MATERIAL FOR THIS TASK Block Start

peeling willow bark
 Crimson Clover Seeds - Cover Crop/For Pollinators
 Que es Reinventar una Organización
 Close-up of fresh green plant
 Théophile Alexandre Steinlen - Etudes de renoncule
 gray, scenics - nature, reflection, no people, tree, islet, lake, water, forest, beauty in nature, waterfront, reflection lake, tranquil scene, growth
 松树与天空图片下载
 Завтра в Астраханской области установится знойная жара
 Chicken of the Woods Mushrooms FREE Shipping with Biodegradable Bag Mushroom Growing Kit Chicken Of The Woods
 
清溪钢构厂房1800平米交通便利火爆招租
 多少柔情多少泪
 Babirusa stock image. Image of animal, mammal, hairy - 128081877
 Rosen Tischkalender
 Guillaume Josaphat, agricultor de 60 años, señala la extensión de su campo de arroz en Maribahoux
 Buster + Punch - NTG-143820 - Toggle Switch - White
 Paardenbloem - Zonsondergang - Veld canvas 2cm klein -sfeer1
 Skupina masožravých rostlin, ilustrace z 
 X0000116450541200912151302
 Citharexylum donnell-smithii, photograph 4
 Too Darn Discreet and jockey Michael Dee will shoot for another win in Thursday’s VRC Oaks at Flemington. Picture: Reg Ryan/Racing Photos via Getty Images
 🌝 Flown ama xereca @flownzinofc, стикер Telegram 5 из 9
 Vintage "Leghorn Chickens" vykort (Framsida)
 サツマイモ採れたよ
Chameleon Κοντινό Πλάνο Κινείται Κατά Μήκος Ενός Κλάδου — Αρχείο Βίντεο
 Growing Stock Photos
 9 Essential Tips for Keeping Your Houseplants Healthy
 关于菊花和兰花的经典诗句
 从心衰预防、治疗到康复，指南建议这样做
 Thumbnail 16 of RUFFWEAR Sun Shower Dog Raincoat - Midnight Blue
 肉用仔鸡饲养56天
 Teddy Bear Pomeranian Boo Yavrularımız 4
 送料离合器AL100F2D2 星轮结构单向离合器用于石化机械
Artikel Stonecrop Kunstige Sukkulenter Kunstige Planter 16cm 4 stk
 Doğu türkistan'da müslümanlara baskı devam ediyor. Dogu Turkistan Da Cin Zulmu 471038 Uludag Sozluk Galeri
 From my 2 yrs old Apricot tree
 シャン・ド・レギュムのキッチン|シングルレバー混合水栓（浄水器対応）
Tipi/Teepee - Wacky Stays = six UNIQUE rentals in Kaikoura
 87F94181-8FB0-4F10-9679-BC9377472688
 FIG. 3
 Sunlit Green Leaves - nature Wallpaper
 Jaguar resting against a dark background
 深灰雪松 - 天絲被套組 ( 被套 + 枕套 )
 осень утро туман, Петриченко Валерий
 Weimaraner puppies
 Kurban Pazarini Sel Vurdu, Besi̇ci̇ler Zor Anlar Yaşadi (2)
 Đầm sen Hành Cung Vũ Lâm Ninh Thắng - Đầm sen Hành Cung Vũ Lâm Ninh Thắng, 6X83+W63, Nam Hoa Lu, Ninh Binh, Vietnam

MATERIAL FOR THIS TASK Block End

• [YOUR ASSIGNMENT]
A reply should hold exactly the lines from the one containing "Kurban Pazarini Sel" through the end of the data above, nothing more.

• [TASK RESULT]
 Kurban Pazarini Sel Vurdu, Besi̇ci̇ler Zor Anlar Yaşadi (2)
 Đầm sen Hành Cung Vũ Lâm Ninh Thắng - Đầm sen Hành Cung Vũ Lâm Ninh Thắng, 6X83+W63, Nam Hoa Lu, Ninh Binh, Vietnam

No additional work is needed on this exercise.